Specifically, the equation that facilitates openness to alternative information that supports a peace process is awareness that the costs of continuing the conflict exceed the costs of compromise in peace making. Also it is known that the recognition of the costs is weighed more heavily than the recognition of possible gains resulting from peacemaking (Kahneman & Tversky, 1979). This principle can be easily applied to the case of Jewish-Israeli society that accepts the principle of a two-state solution mainly because of "the demographic threat" suggesting that the much higher population growth of the Palestinian communities in Israel and in the Palestinian Authority will soon affect the balance of proportion between the two largest ethno-religious communities in the region, and is expected to lead to the creation of a Palestinian majority within the next few decades (Gayer, Landman, Halperin, & Bar-Tal, 2009; Soffer 2008). This realization led to the acceptance of alternative beliefs supporting considerable compromises by known ideological hawks such as Olmert and former Foreign Minister Tzipi Livni.

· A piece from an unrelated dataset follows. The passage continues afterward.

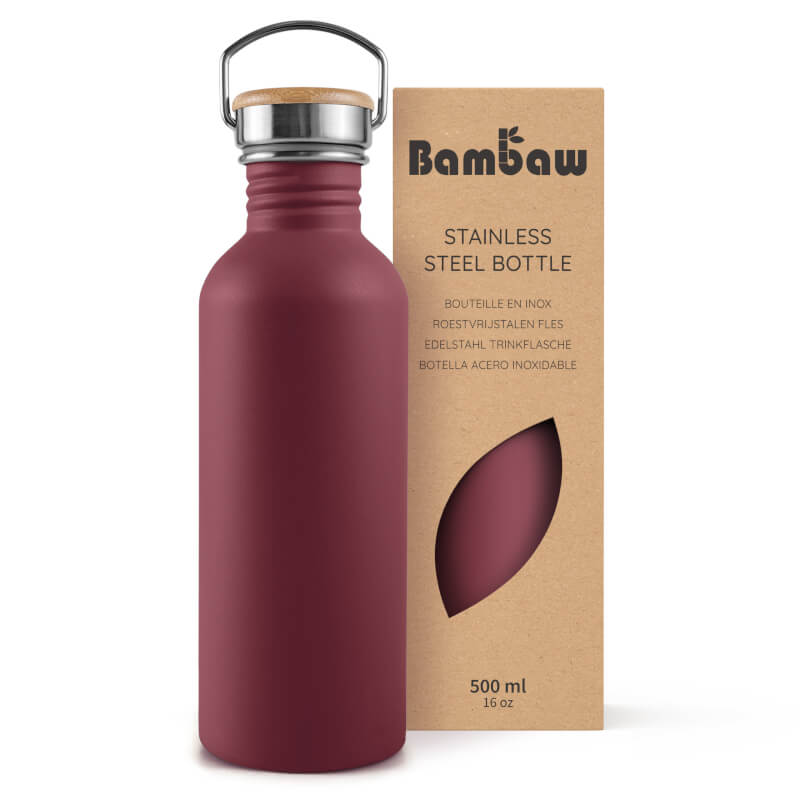 Stainless Steel Bottle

No doubt there are other arguments as well as processes and ways that lead, under certain conditions, to unfreezing that later may lead to the acceptance of beliefs that support peacemaking and even reconciliation. In any event this process almost always begins with a minority and in some cases successfully spreads through the society until the ethos of peace becomes dominant. We need always to remember that human beings are the ones that make their minds up to launch bloody conflicts, and that they also have to make their minds up to initiate and finalize a peace process.



1 Societal beliefs are defined as shared cognitions by the society members that address themes and issues that the society members are particularly occupied with, and which contribute to their sense of uniqueness (Bar-Tal, 2000).